The Prime Minister is notoriously weak on history. He thought the Americans were fighting the Nazis with us in 1940 (they didn’t join up till December 1941). He thought America was our oldest ally (rather than Portugal). And Jon Stewart caught him out on the simplest of questions: what does Magna Carta mean? Far more worrying than these schoolboy off-the-cuff errors, though, is the pre-prepared speech he made yesterday to celebrate the 800th anniversary of Magna Carta. Dripping with sentimental British self-aggrandisement, it was more an exercise in nostalgia than in historical analysis and it showed that his ignorance extends far beyond the meaning of the Great Charter’s Latin title.
Not that I buy into the mass glorification of Magna Carta. For the most part it is a dull, poorly drafted and notoriously ambiguous document. Its role in British history is regularly and preposterously overstated. Those who claim it as the founding document of British democracy and moderated monarchy, for instance, seem to forget centuries of our history. It is a barons’ charter, not a people’s charter. It says nothing at all about parliament or democracy. Far from establishing the right to trial by jury and the rule of law or indeed the right to a trial at all, Magna Carta, insofar as it adumbrated these concepts, was systematically ignored for century after century. The very fact that angry and rebellious subjects were constantly calling for it and its sister the Charter of the Forests to be republished is not proof (as some seem to think) that it was respected or that it was the bedrock of our modern constitutional settlement, but that it was systematically disregarded. Just as Hamlet thought the Danish habit of drinking to excess should be ‘more honoured in the breach than the observance’, so generation after generation of British rulers concluded that Magna Carta was best ignored.
Take one apparently unambiguous clause, ‘the Church shall be free.’ It may be the main reason that the Church and King John’s Archbishop of Canterbury, Stephen Langton, devoted so much energy to promulgating the Charter in 1215 and 1225. The clause might be clear, but when was it ever adhered to? Successive monarchs tried to impose their preferred candidates as bishops and archbishops, they left lengthy vacancies so as to seize episcopal incomes and they told the Church what to read, what to believe and how to pray. Long after Henry VIII dissolved the monasteries, his son closed the chantries, his two daughters recast the bench of bishops to their own liking and the Stuarts sought to impose a catholic-seeming faith on the Church of England, Winston Churchill forbade the appointment of George Bell as Archbishop of Canterbury because of his campaign against the aerial bombardment of civilian Germany.
Just so the concept of a fair trial. Political imprisonment and summary executions were a standard part of the British system long after King John was dead and gone. Acts of Attainder saw parliament vote to outlaw, exile, deprive and execute political opponents without anything approaching a proper trial well into eighteenth century, with the Jacobite leader Archibald Cameron of Lochiel despatched as late as 1753 and Lord Edward FitzGerald in 1798.
Likewise taxation. If only those great Whig politicians who had trumpeted the idea that thanks to Magna Carta the Crown could not tax England without consent could have seen half an inch beyond their pince-nez to spot that ‘no taxation without representation’ might apply equally to the colonists on the other side of the Atlantic as to freeborn Englishmen. Or to the people of India. Or South Africa. Or any one of the British colonies where fair trial and free elections remained a pipedream for many until we departed the scene.
Indeed many basic human rights took a great deal longer to become standard in this country than elsewhere. Just take the law on buggery. Here, it was a criminal offence punishable by death from 1533 to 1861 and homosexuality (or ‘gross indecency’) was outlawed from 1885 up until 1967, but in France homosexuality never appeared in the criminal law after the Revolution. It took a judgement in the European Court of Human Rights for British homosexuals to be allowed to serve in the armed forces.

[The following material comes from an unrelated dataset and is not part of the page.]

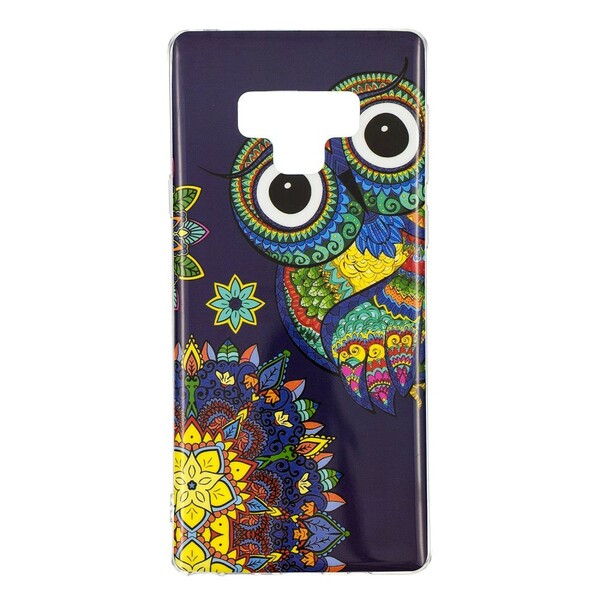 Samsung Galaxy Note 9 fodral Owl Mandala Fluorescent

So yes, Magna Carta is to be celebrated, but let’s not get dewy-eyed and overly nostalgic about British history. And let’s not fall for this Etonian sleight of hand that bizarrely suggests that the European Court of Human Rights and its incorporation into UK law in the Human Rights Act has somehow dismantled our historic rights. At nearly every stage of our history the Tories and Conservatives have defended the rights of the monarch over his subjects, the crown over the country and the status quo over change. They opposed the chartists, the suffragettes, the trades unionists and the constitutional reformers even as they waved Magna Carta in their face. The one moment when they broke that habit was after the horrors of Nazism, when Winston Churchill and David Maxwell Fyfe sought to encode British concepts of freedom in a rule of law that would hold indefinite sway across the continent. Upholding that European Convention of Human Rights would be the best commemoration of the events of 1215, not dismantling it.